[Image-caption web data]
= = = = =
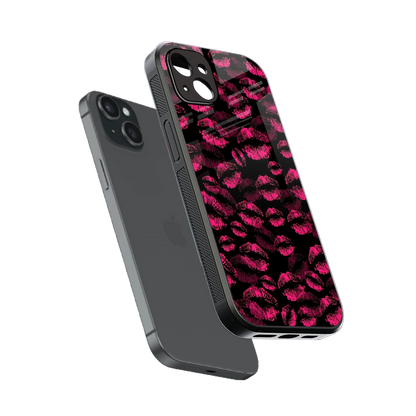 Lip Love sleek iphone 14 plus cover with tempered glass back and TPU edges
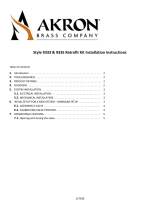 Akron Brass 9333 Installation guide
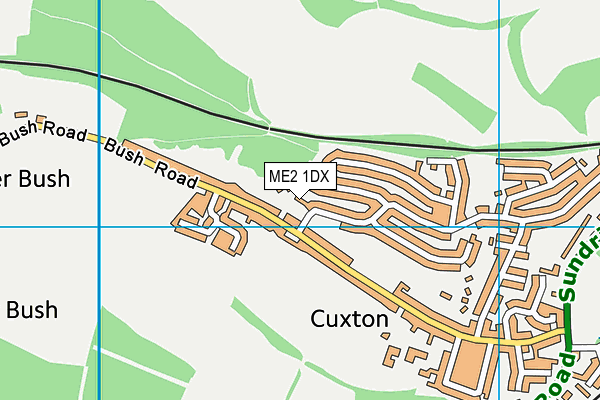 ME2 1DX map - OS VectorMap District (Ordnance Survey)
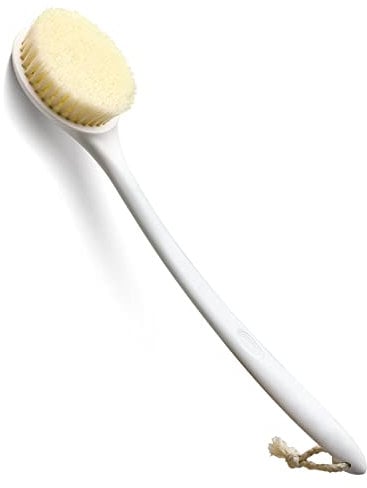 HORJOR Back Shower Brush With Long Handle, 38CM Soft Exfoliating Back Scrubber for Wet & Dry Brushing, Suitable for Men and Women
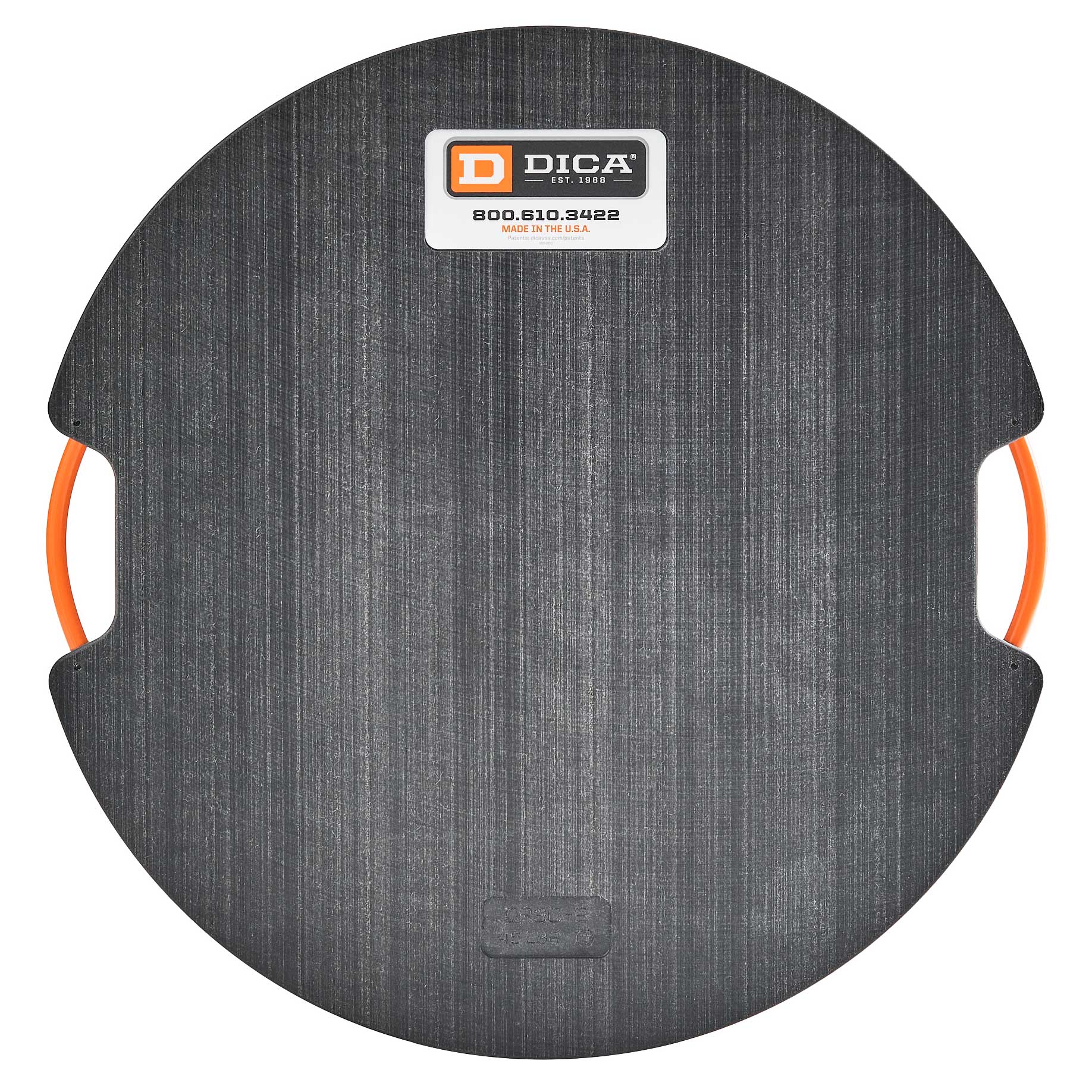 SafetyTech Heavy Duty 30" x 2" Round Outrigger Pad Black Crane Mats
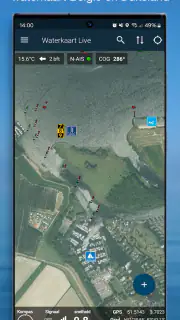 Waterkaart Live - Routes, AIS screenshot 8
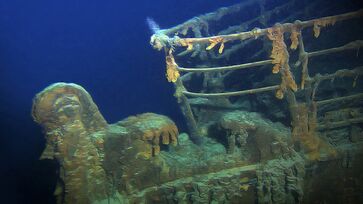 Detalhes impressionantes de escaneamento 3D do Titanic revelam o possível dente de um megalodonte incrustado em ouro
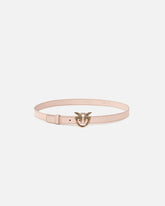 Love Birds thin leather belt 2cm - | Pinko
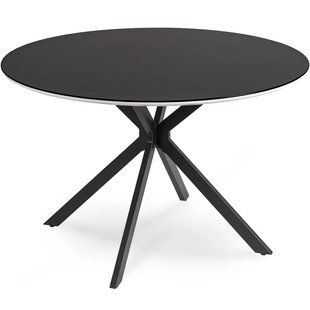 Стол круглый MEBEL ELITE ALLEN 120 см Черный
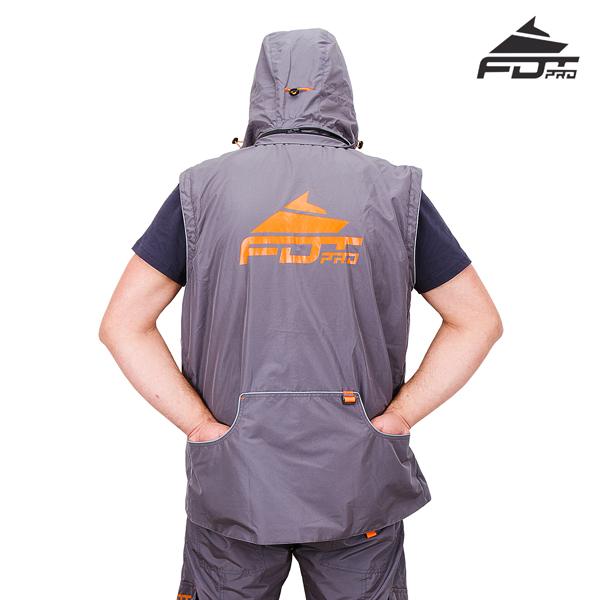 High Quality Dog Training Suit of Grey Color from FDT Wear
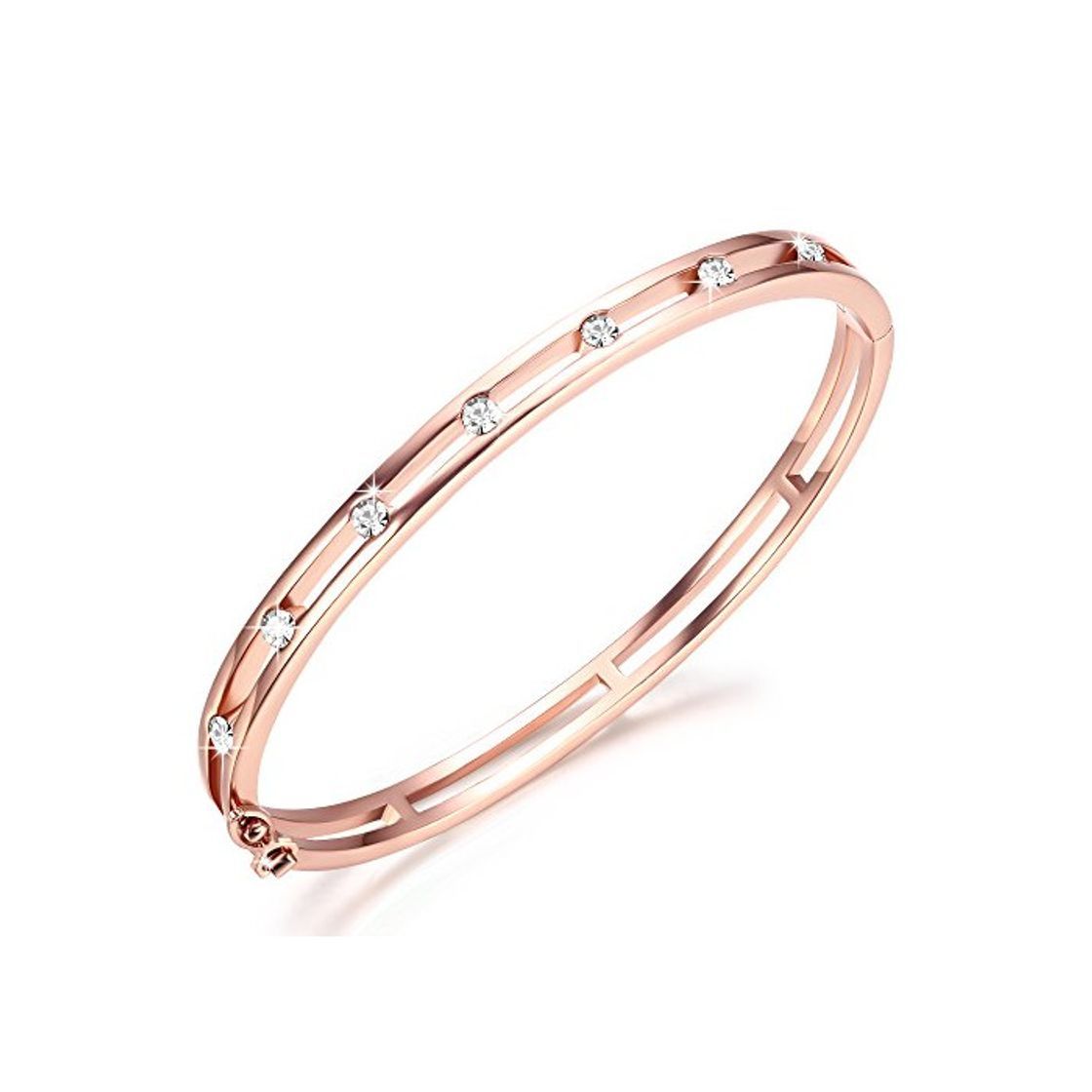 Fashion GEORGE · SMITH Pulseras Oro Rosa para Mujeres Pulseras Infinito Cristales de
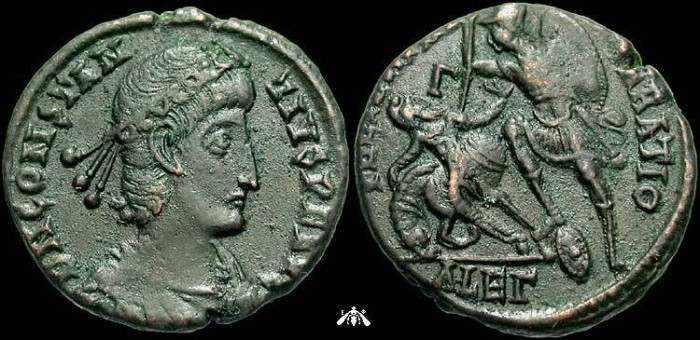 Ancient Coins - Constantius II, 337-361 AD, AE centenionalis - Alexandria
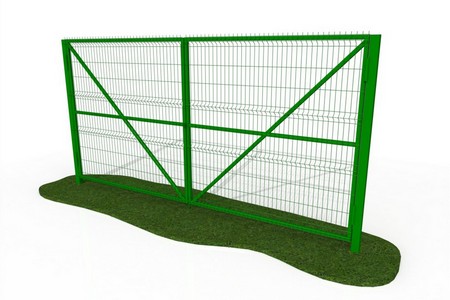 Распашные ворота из 3D-панелей Распашные ворота из 3D-панелей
= = = = =
Up to and including the line containing "HORJOR Back Shower", repeat every line from the start of the data, but none of the pictures.

 Lip Love sleek iphone 14 plus cover with tempered glass back and TPU edges
 Akron Brass 9333 Installation guide
 ME2 1DX map - OS VectorMap District (Ordnance Survey)
 HORJOR Back Shower Brush With Long Handle, 38CM Soft Exfoliating Back Scrubber for Wet & Dry Brushing, Suitable for Men and Women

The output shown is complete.